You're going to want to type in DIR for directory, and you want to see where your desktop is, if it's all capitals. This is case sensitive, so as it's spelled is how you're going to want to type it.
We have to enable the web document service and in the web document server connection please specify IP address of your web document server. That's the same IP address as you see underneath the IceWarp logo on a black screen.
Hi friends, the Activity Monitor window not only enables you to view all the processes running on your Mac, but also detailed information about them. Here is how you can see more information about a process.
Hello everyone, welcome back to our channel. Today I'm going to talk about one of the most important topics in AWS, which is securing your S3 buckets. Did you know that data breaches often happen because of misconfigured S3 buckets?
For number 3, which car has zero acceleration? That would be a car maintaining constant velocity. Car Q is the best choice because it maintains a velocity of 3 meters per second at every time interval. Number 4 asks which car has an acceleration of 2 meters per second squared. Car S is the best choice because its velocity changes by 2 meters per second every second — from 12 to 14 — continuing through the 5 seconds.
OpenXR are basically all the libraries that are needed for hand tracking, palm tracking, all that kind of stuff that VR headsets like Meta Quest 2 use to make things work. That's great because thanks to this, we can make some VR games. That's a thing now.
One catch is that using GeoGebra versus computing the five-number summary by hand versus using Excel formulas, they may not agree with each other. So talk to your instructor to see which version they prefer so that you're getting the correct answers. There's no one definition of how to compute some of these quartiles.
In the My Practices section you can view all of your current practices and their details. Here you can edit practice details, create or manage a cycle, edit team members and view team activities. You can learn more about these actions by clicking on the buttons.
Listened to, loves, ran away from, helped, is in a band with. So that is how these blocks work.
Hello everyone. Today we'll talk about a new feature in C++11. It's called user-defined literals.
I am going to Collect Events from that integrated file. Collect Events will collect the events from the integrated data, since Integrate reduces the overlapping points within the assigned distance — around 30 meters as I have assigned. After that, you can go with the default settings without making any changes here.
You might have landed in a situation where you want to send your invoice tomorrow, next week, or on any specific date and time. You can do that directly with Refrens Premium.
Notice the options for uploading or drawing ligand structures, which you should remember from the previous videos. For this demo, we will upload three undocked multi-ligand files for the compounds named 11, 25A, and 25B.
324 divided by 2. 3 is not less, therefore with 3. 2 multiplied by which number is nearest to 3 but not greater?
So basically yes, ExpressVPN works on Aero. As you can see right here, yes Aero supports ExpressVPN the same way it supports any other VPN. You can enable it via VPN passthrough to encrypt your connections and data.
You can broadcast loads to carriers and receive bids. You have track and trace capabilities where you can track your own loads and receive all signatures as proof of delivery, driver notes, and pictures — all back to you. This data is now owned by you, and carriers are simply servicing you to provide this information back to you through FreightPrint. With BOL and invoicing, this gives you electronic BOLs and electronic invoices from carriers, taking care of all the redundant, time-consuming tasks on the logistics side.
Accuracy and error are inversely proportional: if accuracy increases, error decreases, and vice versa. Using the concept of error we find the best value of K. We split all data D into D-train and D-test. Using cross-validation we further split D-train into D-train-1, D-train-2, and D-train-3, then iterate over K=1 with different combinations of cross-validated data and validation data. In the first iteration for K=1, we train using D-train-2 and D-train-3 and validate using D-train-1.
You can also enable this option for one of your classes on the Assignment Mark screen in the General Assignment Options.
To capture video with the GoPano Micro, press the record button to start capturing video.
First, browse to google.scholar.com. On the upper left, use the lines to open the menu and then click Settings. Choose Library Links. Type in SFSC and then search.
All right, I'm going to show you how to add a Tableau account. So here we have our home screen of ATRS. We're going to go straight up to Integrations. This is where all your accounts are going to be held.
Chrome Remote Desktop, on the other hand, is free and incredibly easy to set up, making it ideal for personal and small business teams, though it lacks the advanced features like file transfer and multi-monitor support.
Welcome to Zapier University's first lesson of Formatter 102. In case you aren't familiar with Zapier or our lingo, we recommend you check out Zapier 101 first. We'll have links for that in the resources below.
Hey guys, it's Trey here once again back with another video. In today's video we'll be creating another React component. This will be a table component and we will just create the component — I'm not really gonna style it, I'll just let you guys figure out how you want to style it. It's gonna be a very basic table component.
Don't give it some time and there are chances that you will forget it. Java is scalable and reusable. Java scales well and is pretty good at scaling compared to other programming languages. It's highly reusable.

____

--- Task instructions ---
Copy, from the lines above, each one that holds "want".

--- Output of the task ---
You're going to want to type in DIR for directory, and you want to see where your desktop is, if it's all capitals. This is case sensitive, so as it's spelled is how you're going to want to type it.
You might have landed in a situation where you want to send your invoice tomorrow, next week, or on any specific date and time. You can do that directly with Refrens Premium.
Hey guys, it's Trey here once again back with another video. In today's video we'll be creating another React component. This will be a table component and we will just create the component — I'm not really gonna style it, I'll just let you guys figure out how you want to style it. It's gonna be a very basic table component.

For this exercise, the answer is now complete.